アルマ望遠鏡,アンテナ展開範囲15kmに広げ「視力2000」を達成

アルマ望遠鏡は,若い星おうし座HL星を取り囲む塵の円盤を「視力2000」に相当する史上最高の解像度で写し出すことに成功した(ニュースリリース)。惑星誕生の現場である塵の円盤がこれほどの高解像度で撮影されたのは,今回が初めてのこと。

アルマ望遠鏡のように複数のパラボラアンテナを結合させて一つの望遠鏡とする「電波干渉計」では,アンテナの間隔を離せば離すほど解像度(視力)が向上する。2014年10月24日,アルマ望遠鏡は過去最大のアンテナ展開範囲15kmで,おうし座の方向約450光年彼方にある若い星,おうし座HL星の試験観測を行なった。
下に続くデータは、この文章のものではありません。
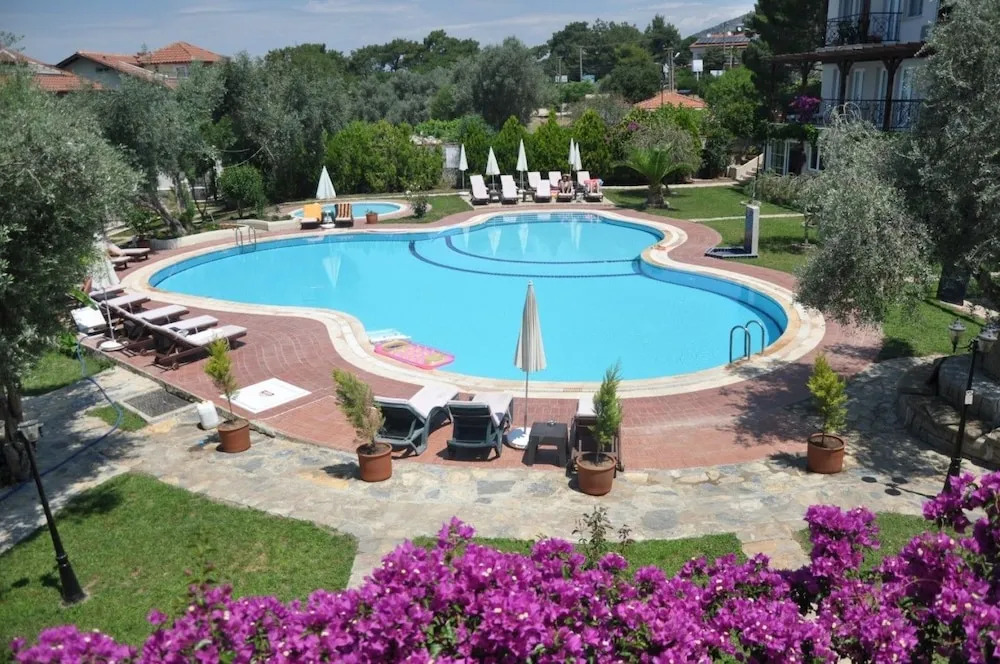 Begonvilla Apart D2 by Angel Rentals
この時の解像度は,史上最高の0.035秒角(角度の1度の約10万分の1)で,人間の視力に換算すると2000となるという。またこれは,ハッブル宇宙望遠鏡が達成できる典型的な解像度を上回る。

この史上最高の解像度で撮影されたおうし座HL星の画像には,星のまわりに同心円状の塵の円盤が幾重にも並んでいるようすがくっきりと写し出されている。この星は100万歳に満たない若い星だが,この画像から星のまわりでは明らかに惑星ができているように見える。合同アルマ観測所の所長は,この画像が惑星形成の研究に革命をもたらす成果だとしている。